GC FSM - Event-driven, hierarchical finite state machines in blueprint

Hello,

Sorry to double post, but I appear to have picked up another bug. The attached state machine is located in a **User Widget, **and some component of it (I suspect the local states) appear to be being collected by the garbage collector. This stops the state machine, even when the state machine is meant to keep running.

Note that without the “collect garbage” node, the same bug occurs - I just put it in there to test whether that was in fact why the state machine was stopping.

EDIT: This appears to happen with separate State Classes as well, unfortunately.

Hi Albie_123, thanks for reporting. I will look at it. It might be related with the other GC-related bug reported by eanticev just last week, so it’s good to have a repro rule that doesn’t involve multiplayer.
PS: I have good news about the nativization problems: making some BlueprintInternalUseOnly methods public instead of private actually solves the issue.
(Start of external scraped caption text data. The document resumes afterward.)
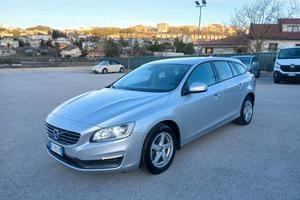 Volvo V60 1.6 D2 115CV SW AUTO 2015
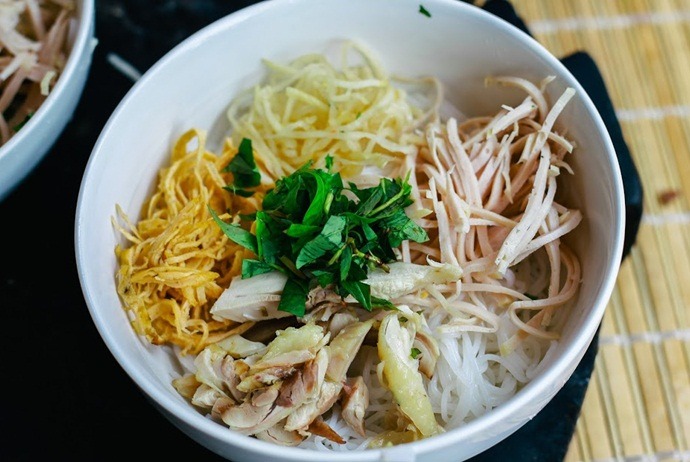 vietnamese combo vermicelli soup - bun thang 110b7 to hieu nghia tan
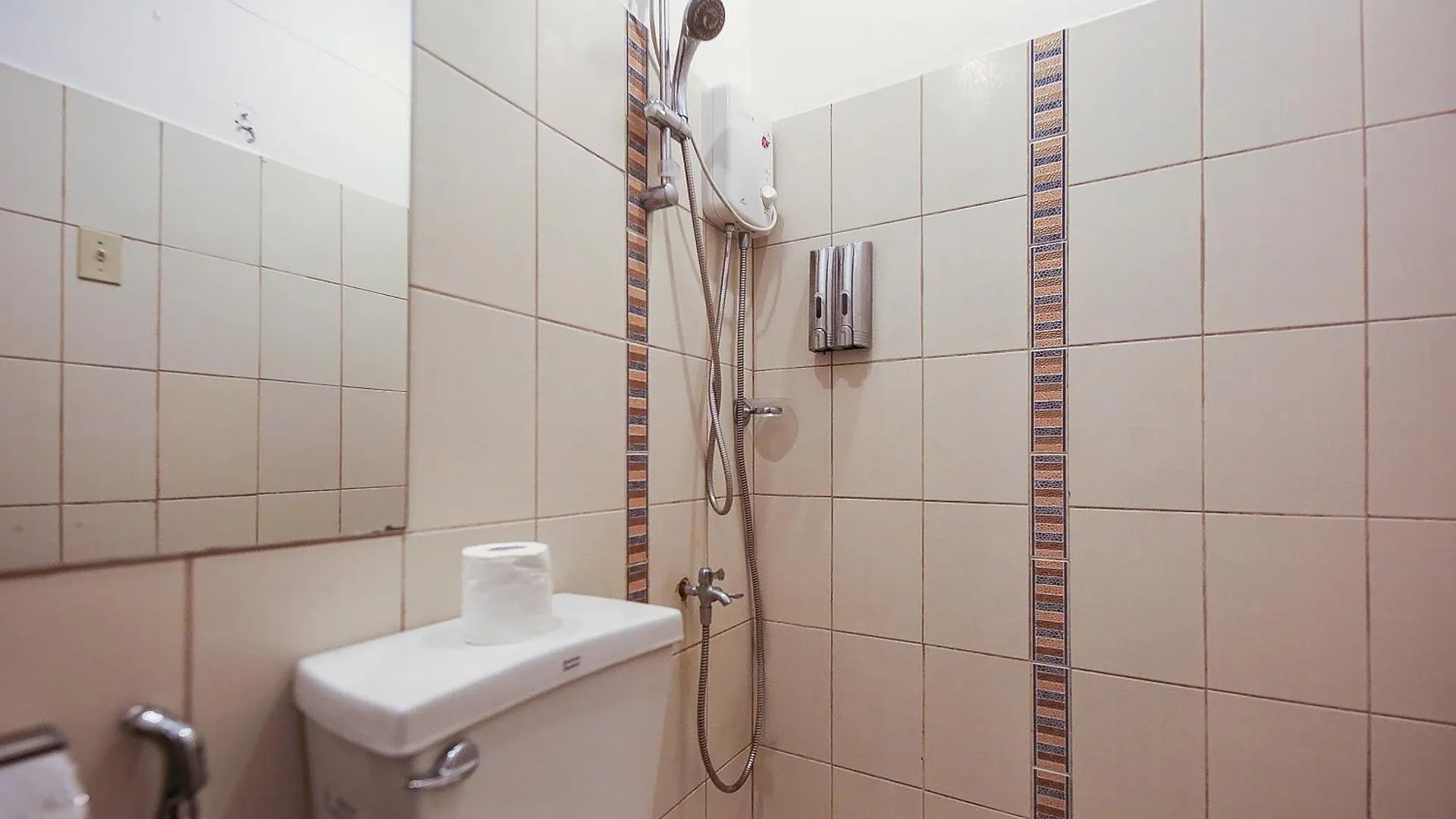 Spot On Junction Hostel Makati City Hotel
That’s great to hear. Any ETA on that nativisation fix being pushed onto the marketplace version?

By the way, I can’t manage to reproduce the Garbage Collection error on my Player Controller or Game State blueprints - state machines on these blueprints aren’t getting collected, luckily.

I’d like to address the GC issue also. However, if I see more time is needed for that, I will submit the nativization fix by the end of this week.

Awesome. Was hoping to use it for the jam this weekend, but if it’s not ready, that’s all good. :slight_smile:

I got the same error in the similar situation.
In my case, FSM is not running in server.
My FSM is created in one actor’s blue print. and it Launched in the “Event BeginPlay” node. and after running some seconds or minutes; It will log “LogGC FSM: Error: Object xxx is not running FSMs” just like eanticev 's report. The actor is still in the map, and running fine, but the FSM in it seens be destoried. I tried to trace the bug in the source code. It seems there is something wrong with the FSM’s garbage collection.
Waiting for help… I can’t keep going with my work until this bug is fixed. so sad… :frowning:
https://forums.unrealengine.com/core/image/gif;base64

I have some good news. I fixed the GC issue that has been reported by Albie_123. For some obscure reasons Unreal is marking some types of objects (all Widgets, for instance) as “unreachable” and my code was not expecting that. I am now going to check if the fix also solves other cases, such as the client/server issue that eanticev is reporting. If that’s the case, I will submit the update today.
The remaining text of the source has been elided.